Find out more about how Microsoft Azure enables your Serverless functions at https://docs.microsoft.com/azure/azure-functions/.

Introduction

In this blog post, I want to take you through the story of a serverless application and teach you how to build a serverless application that runs at minimal costs while maintaining scalability. I hope, to inspire you, to try, play, and get experience with serverless ideas and implementations to gain knowledge of serverless scenario's.

We will build an application that allows us to post articles in markdown and render them out to static HTML pages for easy consumption even if you don't have JavaScript enabled (search engine) and will, later on, look at ways to enhance the site if you do have JavaScript enabled.

This article takes you through the story and gives a global overview of the application with some code samples, but is in no way meant as a copy and paste example for a full application. I will go more in-depth into the specific topics in follow-up blog posts looking at each of the parts separately.

Architecture / Helicopter view

The application can be divided in to a few sections:

the hosting of the static files (below green bar)
the API for performing modifications to content (below red bar)
processing/ generation part (below purple bar)

The goal of serverless in our case is to remove as much of the idle CPU processing parts as possible, while still allowing us to be able to scale out to handle traffic or processes.

The hosting of the static files (below the green bar)

In the first section, we host the files/content of the blog on Azure Storage and serve files to clients using Azure CDN. This allows us to pay only for the storage of files and transfer of files from Azure Blob Storage to the Azure CDN. We won't require anything that is potentially wasting CPU cycles (idle VM or App Services).
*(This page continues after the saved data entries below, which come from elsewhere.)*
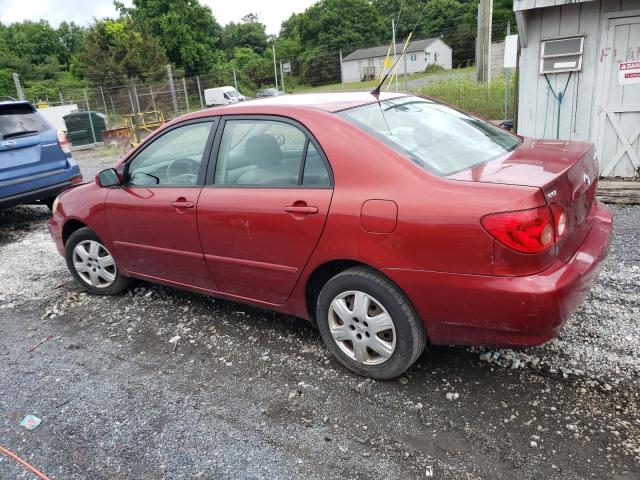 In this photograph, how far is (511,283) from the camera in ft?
7.61

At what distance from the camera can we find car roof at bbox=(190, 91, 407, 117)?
310 centimetres

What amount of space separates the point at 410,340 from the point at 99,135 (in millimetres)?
19976

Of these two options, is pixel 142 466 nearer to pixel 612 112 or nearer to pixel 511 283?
pixel 511 283

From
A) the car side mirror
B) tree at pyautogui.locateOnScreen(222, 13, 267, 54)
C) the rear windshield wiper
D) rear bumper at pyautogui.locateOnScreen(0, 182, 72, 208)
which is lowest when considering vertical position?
rear bumper at pyautogui.locateOnScreen(0, 182, 72, 208)

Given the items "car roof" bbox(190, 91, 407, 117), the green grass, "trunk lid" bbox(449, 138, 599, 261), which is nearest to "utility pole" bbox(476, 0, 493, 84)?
the green grass

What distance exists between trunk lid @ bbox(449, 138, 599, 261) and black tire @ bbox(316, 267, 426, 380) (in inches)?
26.6

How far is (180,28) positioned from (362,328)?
64.1m

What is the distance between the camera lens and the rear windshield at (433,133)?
9.07 feet

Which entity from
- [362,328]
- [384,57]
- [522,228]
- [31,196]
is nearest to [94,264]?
[362,328]

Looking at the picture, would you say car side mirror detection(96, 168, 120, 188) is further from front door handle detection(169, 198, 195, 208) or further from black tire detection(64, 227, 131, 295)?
front door handle detection(169, 198, 195, 208)

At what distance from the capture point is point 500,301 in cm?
236

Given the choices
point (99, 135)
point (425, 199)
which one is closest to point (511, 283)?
point (425, 199)

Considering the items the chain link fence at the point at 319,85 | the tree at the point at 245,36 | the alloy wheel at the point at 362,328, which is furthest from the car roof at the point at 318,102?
the tree at the point at 245,36

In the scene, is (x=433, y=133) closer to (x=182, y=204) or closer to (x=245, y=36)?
(x=182, y=204)
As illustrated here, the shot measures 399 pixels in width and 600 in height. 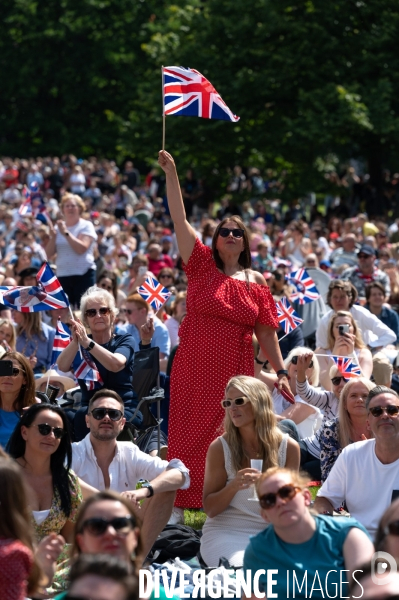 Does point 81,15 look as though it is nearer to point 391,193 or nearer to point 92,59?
point 92,59

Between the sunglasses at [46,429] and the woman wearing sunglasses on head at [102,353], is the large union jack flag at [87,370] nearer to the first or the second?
the woman wearing sunglasses on head at [102,353]

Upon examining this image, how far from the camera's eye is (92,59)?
4797cm

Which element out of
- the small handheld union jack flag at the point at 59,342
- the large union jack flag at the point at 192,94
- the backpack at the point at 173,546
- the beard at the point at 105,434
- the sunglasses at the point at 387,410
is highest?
the large union jack flag at the point at 192,94

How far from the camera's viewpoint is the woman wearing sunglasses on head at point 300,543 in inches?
187

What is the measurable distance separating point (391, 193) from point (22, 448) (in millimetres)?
26327

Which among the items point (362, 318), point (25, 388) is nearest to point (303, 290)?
point (362, 318)

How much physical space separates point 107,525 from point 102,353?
3369 mm

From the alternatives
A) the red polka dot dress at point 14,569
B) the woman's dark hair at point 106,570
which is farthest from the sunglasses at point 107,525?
the woman's dark hair at point 106,570

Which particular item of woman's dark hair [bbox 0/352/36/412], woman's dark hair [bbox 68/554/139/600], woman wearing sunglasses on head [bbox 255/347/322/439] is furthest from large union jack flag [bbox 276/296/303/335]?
woman's dark hair [bbox 68/554/139/600]

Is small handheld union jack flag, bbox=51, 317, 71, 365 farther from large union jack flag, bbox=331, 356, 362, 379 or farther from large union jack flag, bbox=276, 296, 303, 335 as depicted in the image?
large union jack flag, bbox=276, 296, 303, 335

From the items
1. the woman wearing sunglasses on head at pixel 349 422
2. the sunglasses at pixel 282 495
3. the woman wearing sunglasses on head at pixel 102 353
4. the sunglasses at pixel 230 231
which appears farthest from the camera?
the woman wearing sunglasses on head at pixel 102 353

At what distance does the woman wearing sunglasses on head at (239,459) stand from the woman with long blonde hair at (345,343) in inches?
114

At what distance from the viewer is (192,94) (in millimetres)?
8523

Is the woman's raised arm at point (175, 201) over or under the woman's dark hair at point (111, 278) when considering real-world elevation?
over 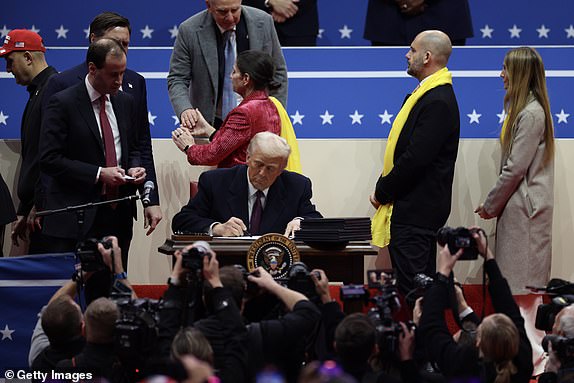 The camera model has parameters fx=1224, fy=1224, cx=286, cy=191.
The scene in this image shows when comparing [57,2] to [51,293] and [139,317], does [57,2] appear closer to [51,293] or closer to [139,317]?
[51,293]

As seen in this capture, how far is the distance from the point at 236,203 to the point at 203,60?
1503mm

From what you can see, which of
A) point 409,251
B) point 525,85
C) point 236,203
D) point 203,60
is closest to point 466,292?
point 409,251

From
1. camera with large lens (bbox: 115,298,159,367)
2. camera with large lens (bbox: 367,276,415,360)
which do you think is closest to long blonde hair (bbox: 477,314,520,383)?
camera with large lens (bbox: 367,276,415,360)

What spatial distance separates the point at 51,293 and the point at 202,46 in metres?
2.17

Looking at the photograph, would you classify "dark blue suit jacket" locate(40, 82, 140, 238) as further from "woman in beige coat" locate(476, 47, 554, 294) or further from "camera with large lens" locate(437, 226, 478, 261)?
"woman in beige coat" locate(476, 47, 554, 294)

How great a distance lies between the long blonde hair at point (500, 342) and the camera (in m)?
4.64

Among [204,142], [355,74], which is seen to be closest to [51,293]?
[204,142]

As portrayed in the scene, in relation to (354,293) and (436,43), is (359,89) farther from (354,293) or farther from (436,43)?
(354,293)

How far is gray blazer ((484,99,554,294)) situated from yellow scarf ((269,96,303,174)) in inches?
48.0

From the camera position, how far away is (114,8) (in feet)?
34.0

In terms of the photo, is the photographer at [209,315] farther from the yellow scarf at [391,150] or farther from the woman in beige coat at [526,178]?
Answer: the woman in beige coat at [526,178]

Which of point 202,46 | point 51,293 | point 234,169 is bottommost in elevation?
point 51,293

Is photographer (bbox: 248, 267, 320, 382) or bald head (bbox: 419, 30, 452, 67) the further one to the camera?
bald head (bbox: 419, 30, 452, 67)

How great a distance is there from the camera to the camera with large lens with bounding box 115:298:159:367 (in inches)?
178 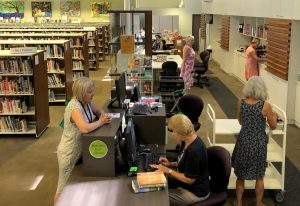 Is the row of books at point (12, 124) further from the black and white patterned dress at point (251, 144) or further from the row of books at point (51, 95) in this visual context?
the black and white patterned dress at point (251, 144)

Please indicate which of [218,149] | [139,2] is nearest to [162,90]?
[218,149]

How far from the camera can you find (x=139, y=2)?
16.5 m

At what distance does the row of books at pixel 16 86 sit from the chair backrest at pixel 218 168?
4560 millimetres

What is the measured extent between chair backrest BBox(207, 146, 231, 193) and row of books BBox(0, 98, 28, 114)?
182 inches

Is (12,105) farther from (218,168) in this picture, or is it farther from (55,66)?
(218,168)

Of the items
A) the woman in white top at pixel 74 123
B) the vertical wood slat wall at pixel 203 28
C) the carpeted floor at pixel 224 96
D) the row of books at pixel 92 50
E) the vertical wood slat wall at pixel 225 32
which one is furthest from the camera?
the vertical wood slat wall at pixel 203 28

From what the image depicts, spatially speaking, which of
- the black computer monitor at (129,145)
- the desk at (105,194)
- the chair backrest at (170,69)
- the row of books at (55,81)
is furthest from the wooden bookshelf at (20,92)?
the desk at (105,194)

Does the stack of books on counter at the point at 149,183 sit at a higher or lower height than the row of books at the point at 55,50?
lower

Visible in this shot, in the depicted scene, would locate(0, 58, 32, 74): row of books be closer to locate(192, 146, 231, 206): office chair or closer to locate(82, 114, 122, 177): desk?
locate(82, 114, 122, 177): desk

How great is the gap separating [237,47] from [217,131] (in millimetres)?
10122

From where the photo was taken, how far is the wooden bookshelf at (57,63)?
985cm

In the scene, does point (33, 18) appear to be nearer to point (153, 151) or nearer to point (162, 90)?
point (162, 90)

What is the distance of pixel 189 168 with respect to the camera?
3.64 m

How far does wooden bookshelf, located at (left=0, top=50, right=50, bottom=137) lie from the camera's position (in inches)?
298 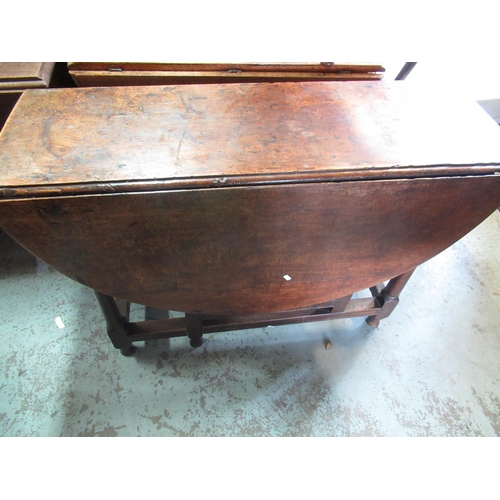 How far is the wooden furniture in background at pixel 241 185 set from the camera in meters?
0.79

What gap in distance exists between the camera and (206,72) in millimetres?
1355

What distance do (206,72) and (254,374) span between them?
4.33 ft

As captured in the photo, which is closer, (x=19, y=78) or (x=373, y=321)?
(x=19, y=78)

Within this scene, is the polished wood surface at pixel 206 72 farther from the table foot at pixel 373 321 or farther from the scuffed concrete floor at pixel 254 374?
the table foot at pixel 373 321

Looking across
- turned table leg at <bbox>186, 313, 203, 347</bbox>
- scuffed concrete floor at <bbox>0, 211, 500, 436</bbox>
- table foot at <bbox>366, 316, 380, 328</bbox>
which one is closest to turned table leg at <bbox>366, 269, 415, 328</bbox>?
table foot at <bbox>366, 316, 380, 328</bbox>

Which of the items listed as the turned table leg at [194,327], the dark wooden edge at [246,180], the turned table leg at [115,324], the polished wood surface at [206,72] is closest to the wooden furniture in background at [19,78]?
the polished wood surface at [206,72]

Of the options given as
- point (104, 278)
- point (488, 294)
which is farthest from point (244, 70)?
point (488, 294)

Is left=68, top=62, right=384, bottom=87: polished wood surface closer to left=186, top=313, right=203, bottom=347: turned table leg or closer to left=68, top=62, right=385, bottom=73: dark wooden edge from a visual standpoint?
left=68, top=62, right=385, bottom=73: dark wooden edge

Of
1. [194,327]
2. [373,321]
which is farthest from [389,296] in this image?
[194,327]

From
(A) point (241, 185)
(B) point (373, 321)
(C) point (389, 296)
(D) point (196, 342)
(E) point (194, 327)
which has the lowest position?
(D) point (196, 342)

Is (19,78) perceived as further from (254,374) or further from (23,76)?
(254,374)

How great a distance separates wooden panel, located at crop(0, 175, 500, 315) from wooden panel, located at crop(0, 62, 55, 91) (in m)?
0.75

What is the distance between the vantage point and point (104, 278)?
0.93m

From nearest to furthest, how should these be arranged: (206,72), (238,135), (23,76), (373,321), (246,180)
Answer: (246,180), (238,135), (23,76), (206,72), (373,321) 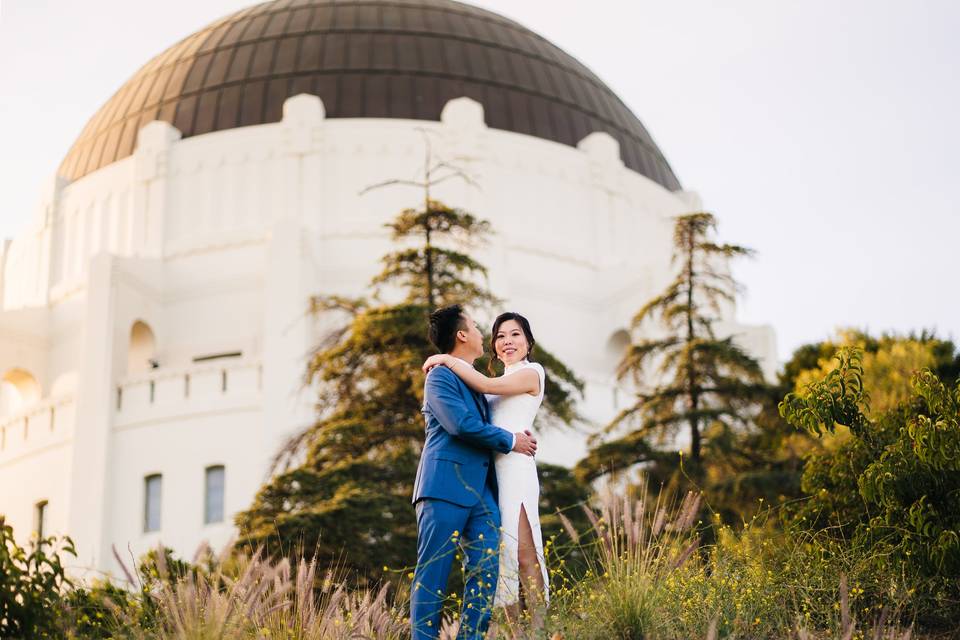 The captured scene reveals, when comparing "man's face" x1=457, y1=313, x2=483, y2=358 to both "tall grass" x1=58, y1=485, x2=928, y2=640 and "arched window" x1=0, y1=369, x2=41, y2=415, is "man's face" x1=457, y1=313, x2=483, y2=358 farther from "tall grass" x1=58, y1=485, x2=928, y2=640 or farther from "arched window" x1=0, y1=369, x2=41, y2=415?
"arched window" x1=0, y1=369, x2=41, y2=415

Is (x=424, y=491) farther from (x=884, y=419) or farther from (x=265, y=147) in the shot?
(x=265, y=147)

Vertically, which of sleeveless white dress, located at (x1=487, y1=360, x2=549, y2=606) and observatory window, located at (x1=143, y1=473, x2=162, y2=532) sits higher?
observatory window, located at (x1=143, y1=473, x2=162, y2=532)

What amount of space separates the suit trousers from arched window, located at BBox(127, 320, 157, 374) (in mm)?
30458

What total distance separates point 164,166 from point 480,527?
33775 millimetres

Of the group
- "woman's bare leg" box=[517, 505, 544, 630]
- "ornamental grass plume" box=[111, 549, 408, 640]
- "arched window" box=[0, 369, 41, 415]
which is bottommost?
"ornamental grass plume" box=[111, 549, 408, 640]

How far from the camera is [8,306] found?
43.6m

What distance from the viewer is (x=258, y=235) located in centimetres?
3709

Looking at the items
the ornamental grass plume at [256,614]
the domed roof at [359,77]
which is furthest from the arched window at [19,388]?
the ornamental grass plume at [256,614]

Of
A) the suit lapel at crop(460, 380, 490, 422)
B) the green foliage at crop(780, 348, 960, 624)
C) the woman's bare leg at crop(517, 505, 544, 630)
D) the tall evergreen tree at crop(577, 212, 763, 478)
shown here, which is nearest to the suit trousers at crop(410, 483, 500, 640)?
the woman's bare leg at crop(517, 505, 544, 630)

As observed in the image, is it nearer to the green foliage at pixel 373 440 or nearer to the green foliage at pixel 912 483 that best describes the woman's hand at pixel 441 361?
the green foliage at pixel 912 483

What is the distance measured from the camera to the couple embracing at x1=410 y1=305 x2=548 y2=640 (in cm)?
711

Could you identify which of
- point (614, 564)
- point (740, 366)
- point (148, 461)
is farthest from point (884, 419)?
point (148, 461)

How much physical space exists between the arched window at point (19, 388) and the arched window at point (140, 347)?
9.50 ft

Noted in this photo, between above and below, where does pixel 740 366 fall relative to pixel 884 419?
above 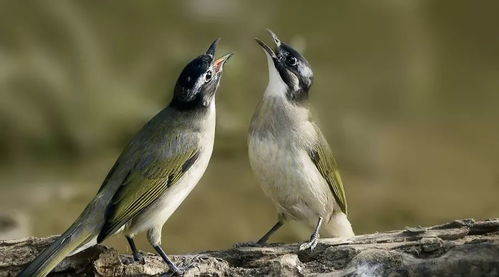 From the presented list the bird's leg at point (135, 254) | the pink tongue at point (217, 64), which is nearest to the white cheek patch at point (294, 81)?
the pink tongue at point (217, 64)

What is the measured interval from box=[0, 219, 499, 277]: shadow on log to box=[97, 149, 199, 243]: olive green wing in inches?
7.3

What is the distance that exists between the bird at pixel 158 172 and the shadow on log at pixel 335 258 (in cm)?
10

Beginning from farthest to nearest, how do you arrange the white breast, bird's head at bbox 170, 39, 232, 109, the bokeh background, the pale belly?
the bokeh background
the pale belly
bird's head at bbox 170, 39, 232, 109
the white breast

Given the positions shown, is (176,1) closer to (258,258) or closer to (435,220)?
(435,220)

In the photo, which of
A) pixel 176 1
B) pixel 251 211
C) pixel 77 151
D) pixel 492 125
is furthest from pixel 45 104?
pixel 492 125

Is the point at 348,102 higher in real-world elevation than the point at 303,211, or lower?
higher

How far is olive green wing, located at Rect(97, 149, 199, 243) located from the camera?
12.4 feet

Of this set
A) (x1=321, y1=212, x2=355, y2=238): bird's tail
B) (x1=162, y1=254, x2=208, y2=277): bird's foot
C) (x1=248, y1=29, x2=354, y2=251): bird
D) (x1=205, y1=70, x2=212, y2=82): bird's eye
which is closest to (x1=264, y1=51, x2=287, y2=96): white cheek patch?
(x1=248, y1=29, x2=354, y2=251): bird

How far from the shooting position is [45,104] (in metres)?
8.15

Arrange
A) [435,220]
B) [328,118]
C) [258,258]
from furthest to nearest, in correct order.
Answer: [328,118], [435,220], [258,258]

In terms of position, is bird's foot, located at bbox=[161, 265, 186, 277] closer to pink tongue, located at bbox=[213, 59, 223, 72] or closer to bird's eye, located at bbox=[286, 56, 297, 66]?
pink tongue, located at bbox=[213, 59, 223, 72]

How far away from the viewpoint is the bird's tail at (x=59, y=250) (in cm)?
360

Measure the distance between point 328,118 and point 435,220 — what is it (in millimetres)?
1600

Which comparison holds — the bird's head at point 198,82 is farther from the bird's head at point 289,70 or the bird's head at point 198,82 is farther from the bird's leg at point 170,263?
the bird's leg at point 170,263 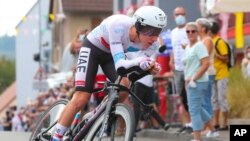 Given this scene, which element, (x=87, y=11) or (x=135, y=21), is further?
(x=87, y=11)

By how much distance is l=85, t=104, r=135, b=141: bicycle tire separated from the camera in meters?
7.38

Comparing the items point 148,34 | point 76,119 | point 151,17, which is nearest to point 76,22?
point 76,119

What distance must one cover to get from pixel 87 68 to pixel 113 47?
677 millimetres

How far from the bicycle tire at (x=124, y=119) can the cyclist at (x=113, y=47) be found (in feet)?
1.21

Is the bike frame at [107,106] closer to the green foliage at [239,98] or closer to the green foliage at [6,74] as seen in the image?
the green foliage at [239,98]

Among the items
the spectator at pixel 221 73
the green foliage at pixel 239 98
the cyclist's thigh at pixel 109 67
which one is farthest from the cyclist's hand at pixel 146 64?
the green foliage at pixel 239 98

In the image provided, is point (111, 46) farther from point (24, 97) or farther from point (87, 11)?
point (24, 97)

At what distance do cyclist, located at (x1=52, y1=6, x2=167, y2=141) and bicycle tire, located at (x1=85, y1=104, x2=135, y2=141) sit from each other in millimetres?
370

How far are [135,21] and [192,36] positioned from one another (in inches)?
171

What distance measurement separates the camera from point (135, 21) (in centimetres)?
793

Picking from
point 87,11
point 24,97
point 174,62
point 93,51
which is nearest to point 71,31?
point 87,11

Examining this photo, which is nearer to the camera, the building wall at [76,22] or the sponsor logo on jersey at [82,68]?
the sponsor logo on jersey at [82,68]

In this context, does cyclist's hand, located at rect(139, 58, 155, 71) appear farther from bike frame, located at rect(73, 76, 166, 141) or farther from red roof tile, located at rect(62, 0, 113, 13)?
red roof tile, located at rect(62, 0, 113, 13)

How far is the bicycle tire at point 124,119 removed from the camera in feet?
24.2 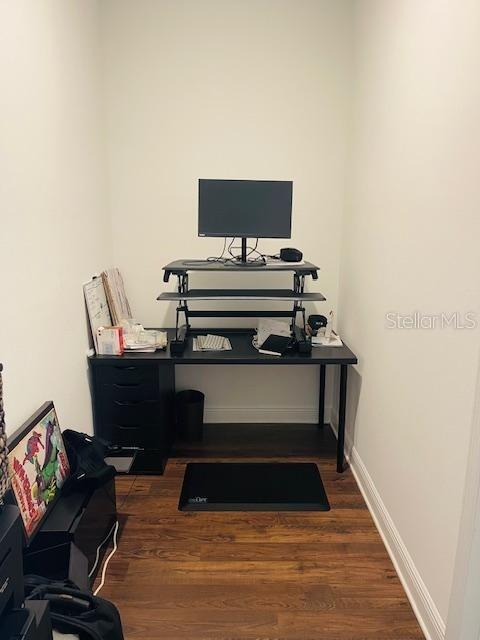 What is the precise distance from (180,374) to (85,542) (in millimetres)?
1556

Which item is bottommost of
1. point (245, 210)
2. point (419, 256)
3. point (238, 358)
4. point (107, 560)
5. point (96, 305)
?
point (107, 560)

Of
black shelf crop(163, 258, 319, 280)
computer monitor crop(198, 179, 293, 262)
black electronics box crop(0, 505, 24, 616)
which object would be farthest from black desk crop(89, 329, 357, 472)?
black electronics box crop(0, 505, 24, 616)

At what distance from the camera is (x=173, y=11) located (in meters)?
2.79

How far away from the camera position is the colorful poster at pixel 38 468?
1.59 meters

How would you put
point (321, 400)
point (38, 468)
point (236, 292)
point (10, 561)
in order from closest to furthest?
point (10, 561)
point (38, 468)
point (236, 292)
point (321, 400)

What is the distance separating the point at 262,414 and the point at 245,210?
1.53m

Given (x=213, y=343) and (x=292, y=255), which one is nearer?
(x=292, y=255)

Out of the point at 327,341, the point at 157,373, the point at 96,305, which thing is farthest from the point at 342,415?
the point at 96,305

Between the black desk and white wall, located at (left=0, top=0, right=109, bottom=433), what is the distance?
12 centimetres

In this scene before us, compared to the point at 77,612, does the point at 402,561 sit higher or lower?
lower

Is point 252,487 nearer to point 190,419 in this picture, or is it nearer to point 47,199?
point 190,419

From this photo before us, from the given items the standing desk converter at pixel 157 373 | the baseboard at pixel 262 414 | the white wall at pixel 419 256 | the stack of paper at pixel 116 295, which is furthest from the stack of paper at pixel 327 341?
the stack of paper at pixel 116 295

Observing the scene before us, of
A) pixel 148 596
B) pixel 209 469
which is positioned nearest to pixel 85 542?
pixel 148 596

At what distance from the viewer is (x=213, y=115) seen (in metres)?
2.91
The CDN allows us to scale and deliver content rapidly to our clients, and we again only pay for the usage of the CDN (no idle machine if there is no traffic).

The API for performing modifications to content (below the red bar)

The second part consists of Azure Functions that we can run as part of the consumption plan. This allows us to remove the need for a machine that is spinning (adding to our costs) and waiting for requests from clients. With Azure Functions in the consumption plan, we only pay for the startup of a function and the amount of CPU/memory it uses during execution. So when no one is writing blog posts (retrieving and storing), the system is, in a sense, turned off and not generating costs. One of the downsides of running your code in this manner is that it takes a bit of time for functions to wake up or cold start. For now, we accept that we sometimes need to wait a few seconds to save or retrieve our content when editor.

Processing/ generation part (below purple bar)

The last part of the application is a set of Azure Functions that handle generating static content that can be consumed by clients. This allows us to serve our content quickly and to all clients (also clients that don't have JavaScript enabled, like search engines) without the need to render static content on each request.

Infrastructure

The central part of our application visited by most of the consumers of our application are the static files (either the JavaScript app/bundles or generated static blog articles). To serve those to the consumers, we require only a small portion of the services Azure offers: Azure Blob Storage and the Azure CDN service.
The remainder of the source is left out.